Pictures stay out; everything else in the records below gets copied exactly.

**RECORDED DATA:**
::::::

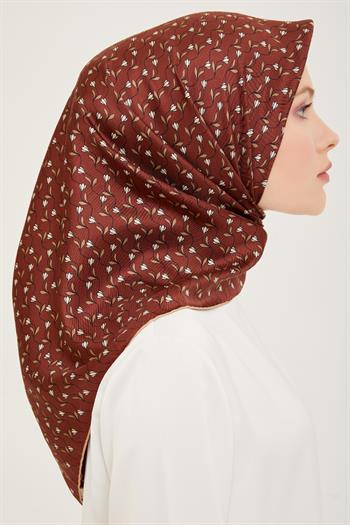 Belli Twill İpek Eşarp - 4001-36 Bordo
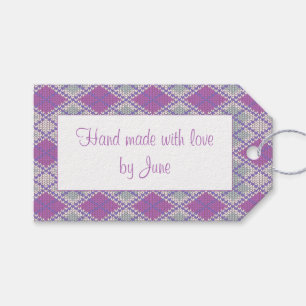 LILAC ARGYLE KNIT Rectangle "Hand Made" Tags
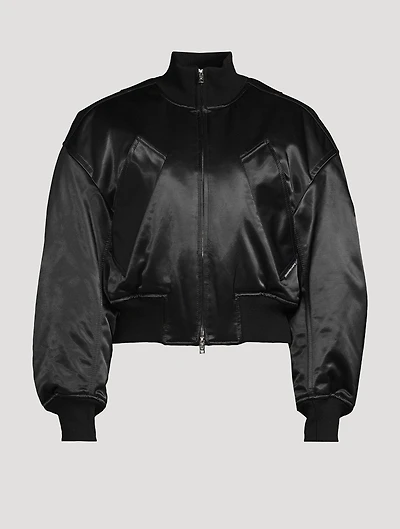 Cropped Satin Bomber Jacket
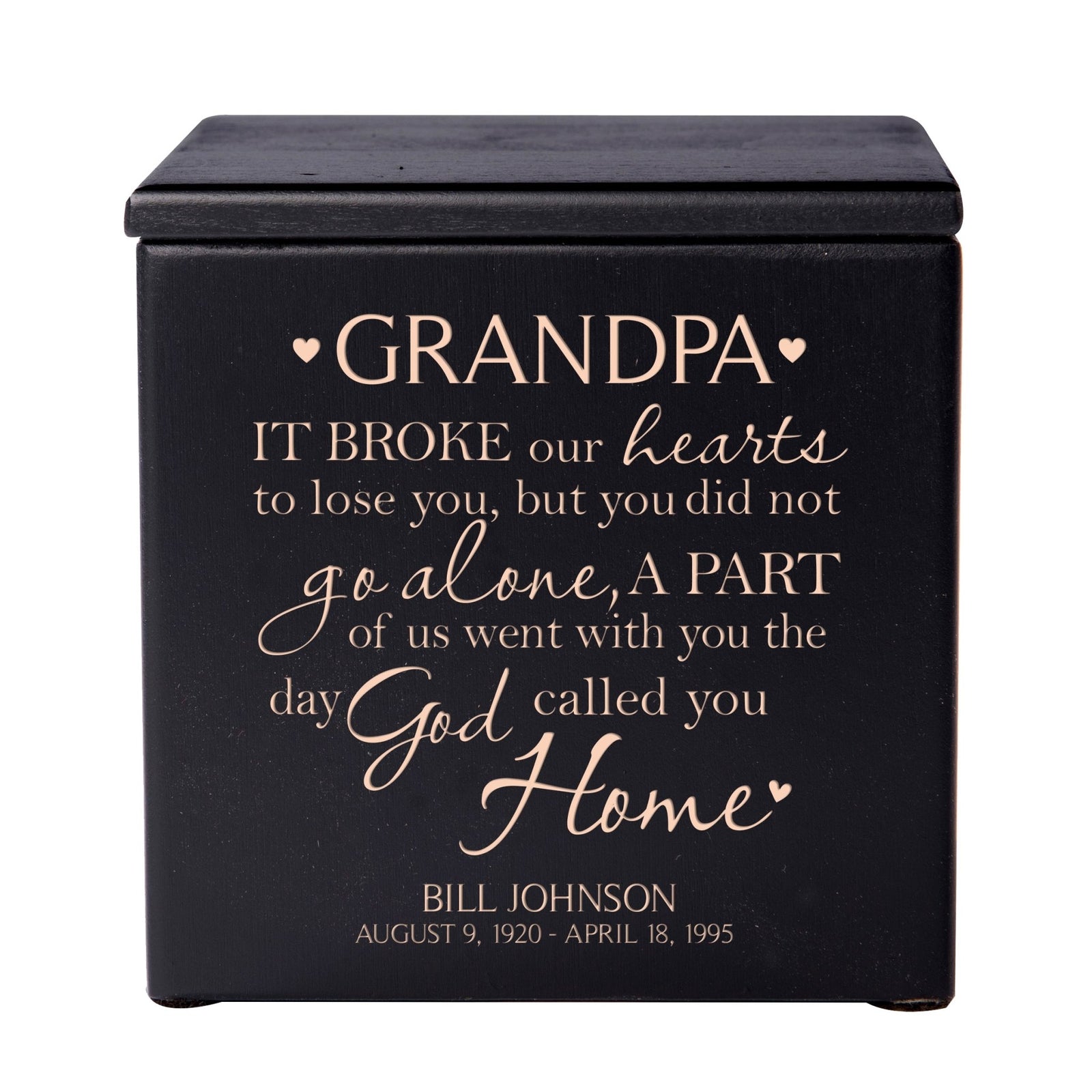 Personalized Memorial Wooden Keepsake Urn for Grandpa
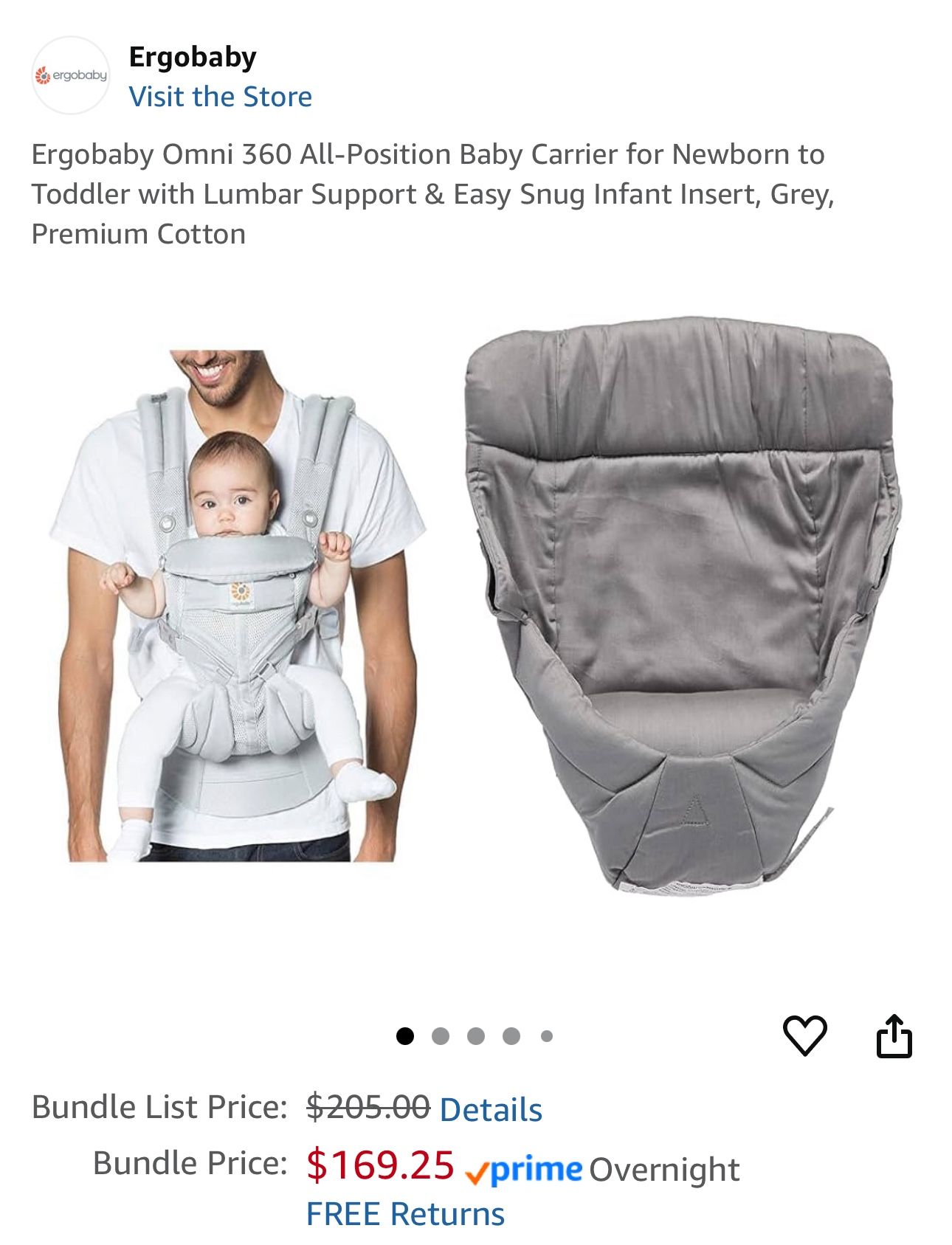 Ergobaby Omni 360 All-Position Baby Carrier for Newborn to Toddler with Lumbar Support & Easy Snug Infant Insert, Grey, Premium Cotton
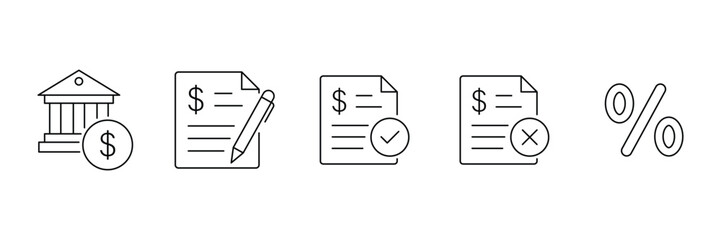 Loan and financing approval document interest bank money payment agreement line icon vector illustration for business banking financial services design.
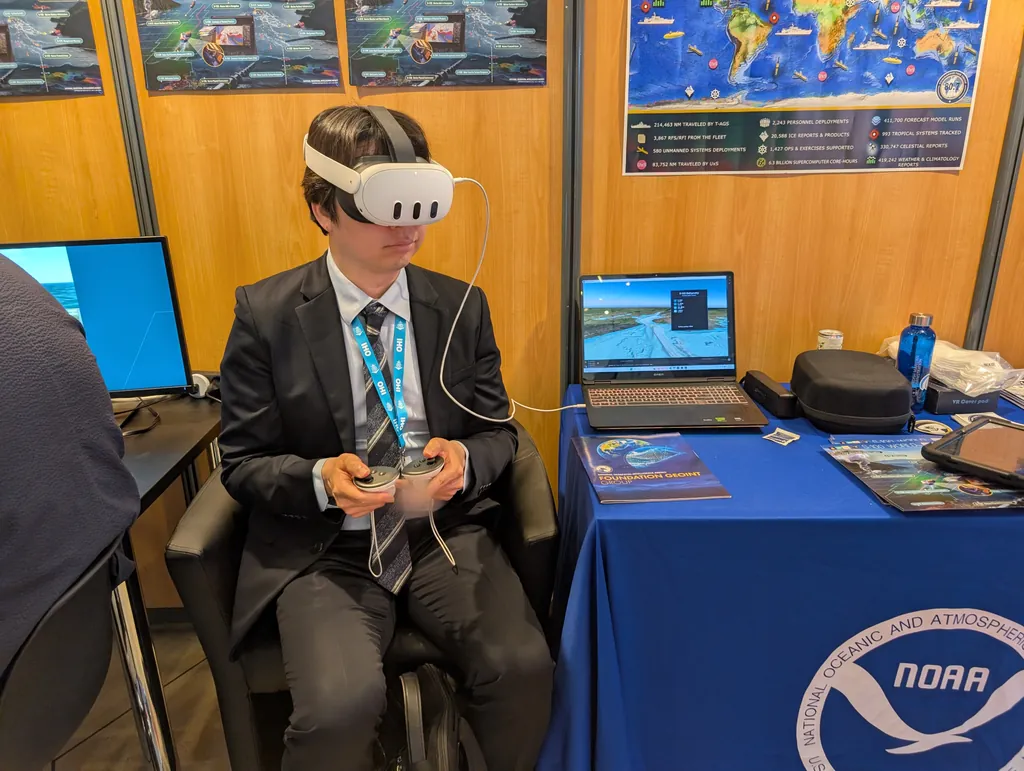 A delegate wearing a headset trying the Ayni in-room globe at the assembly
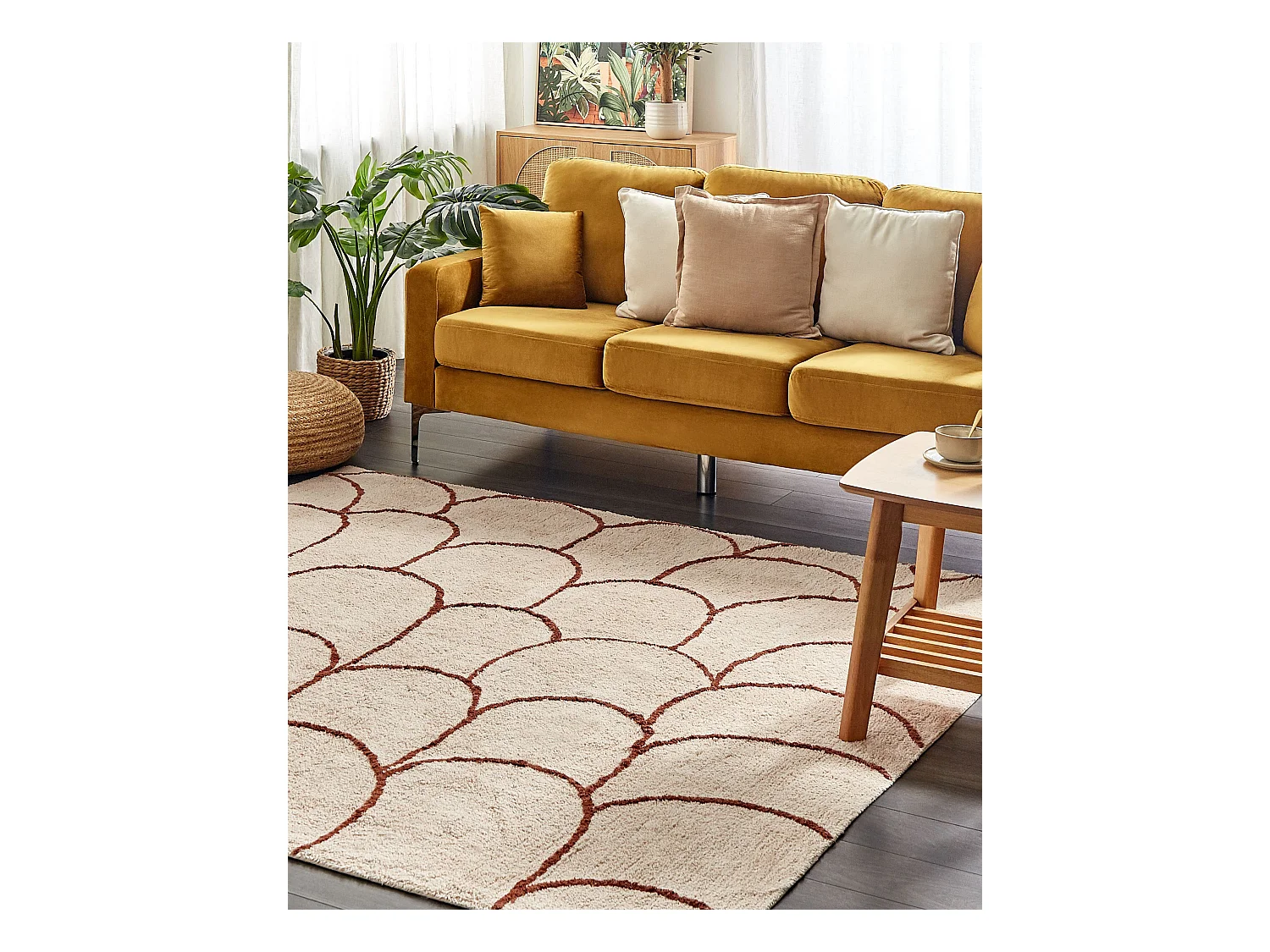 Teppich Baumwolle beige / braun 200 x 200 cm geometrisches Muster Kurzflor AVDAN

::::::

**EXPECTED OUTPUT:**
 Belli Twill İpek Eşarp - 4001-36 Bordo
 LILAC ARGYLE KNIT Rectangle "Hand Made" Tags
 Cropped Satin Bomber Jacket
 Personalized Memorial Wooden Keepsake Urn for Grandpa
 Ergobaby Omni 360 All-Position Baby Carrier for Newborn to Toddler with Lumbar Support & Easy Snug Infant Insert, Grey, Premium Cotton
 Loan and financing approval document interest bank money payment agreement line icon vector illustration for business banking financial services design.
 A delegate wearing a headset trying the Ayni in-room globe at the assembly
 Teppich Baumwolle beige / braun 200 x 200 cm geometrisches Muster Kurzflor AVDAN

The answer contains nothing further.